Why Is Innovation So Important?

Startups depend on coming up with a better, faster, cheaper way of solving an existing problem. Some startups find an entirely new idea that disrupts the way we think about a problem or market altogether. The drive to do something different, to make something that didn’t exist before, has led pioneers to launch new businesses since before companies existed. Our current, fertile startup environment may be home to more of that activity than any previous period. Innovation itself, however, is hardly unique to today.

Human history has been marked by technological innovation ever since the first hominid stood up and figured out how to use a stone to knock a rabbit unconscious. From digging tools to plows, pottery to smartphones, the human story has been about attempts to use technology to tailor the world to meet our needs and to relieve the burden of manual labor. Innovation is simply part of human nature and has been from the beginning. Technological innovation may be moving faster now than ever before but we’re not the first generation to live through a technological paradigm shift.

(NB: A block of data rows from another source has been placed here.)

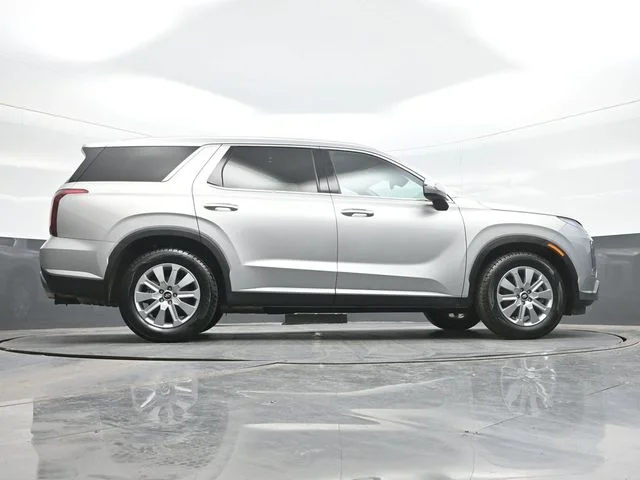 Used 2024 Silver Hyundai SEL image 25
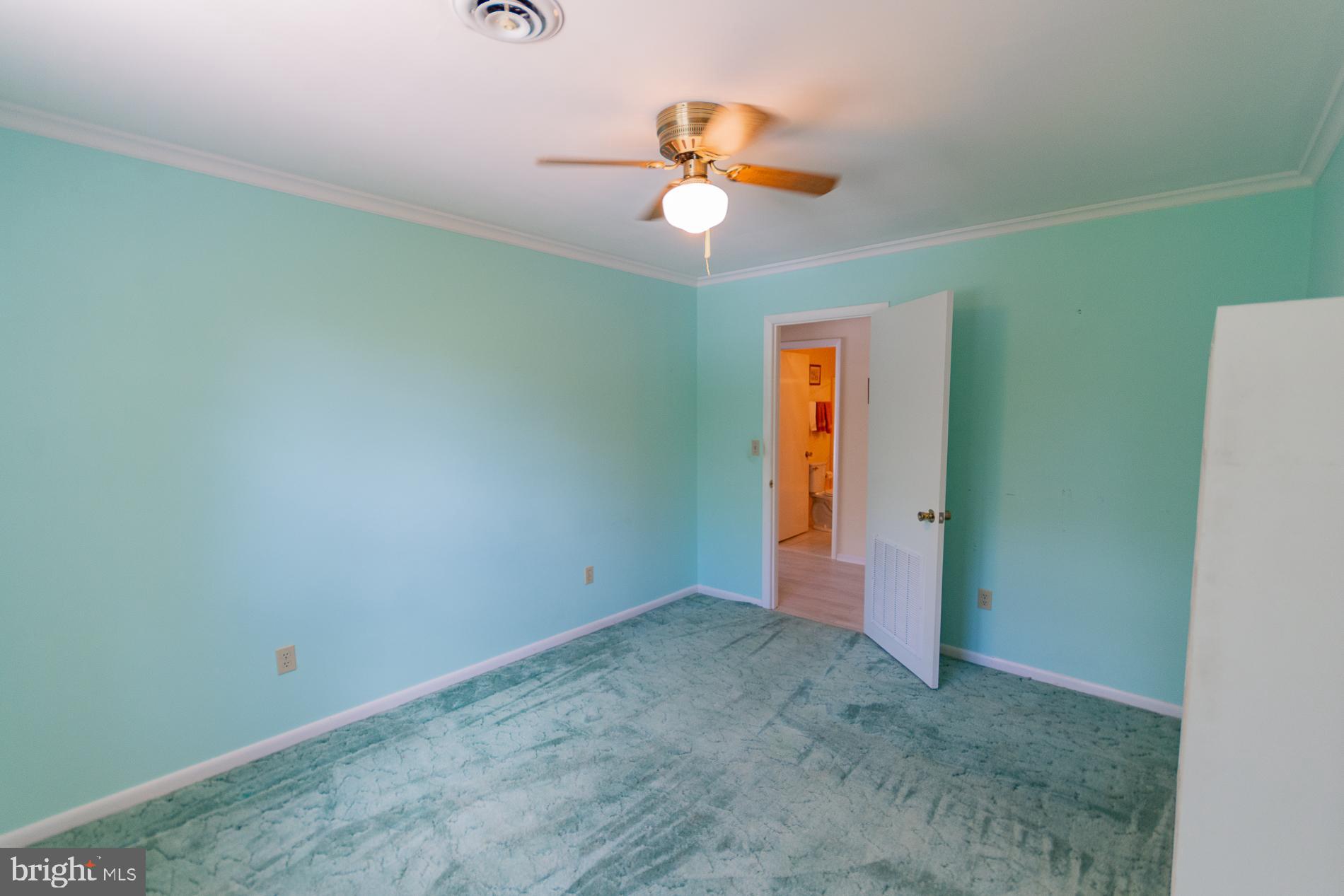 PEMBROKE GROVE - Residential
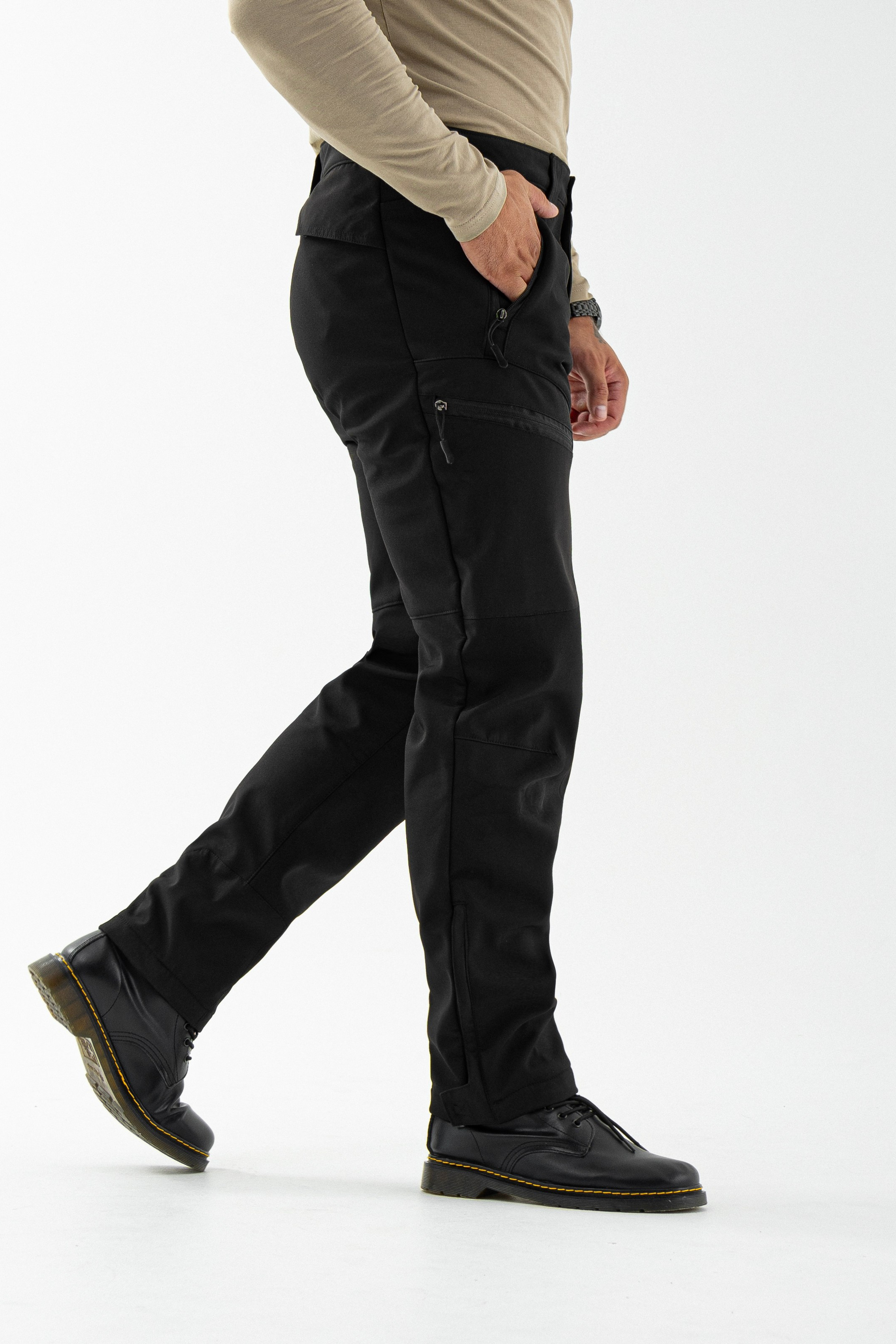 Тактические штаны. Фото для маркетплейсов в самых сочных локациях города Сочи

Innovation has been so fundamental to the course of human history that it has provided the names we use to demarcate certain stages. We have the Stone, Bronze and Iron Ages in addition to the Agricultural and Industrial Revolutions. The term “Stone Age” today is synonymous with “primitive,” but can you imagine what a huge leap in innovation it was at the time? Starting about three and a half million years ago and ending a few thousand years BCE (depending on what part of the world we’re talking about), this period took humanity from rocks shaped into basic cutting tools through the mortar and pestle and other agricultural tools.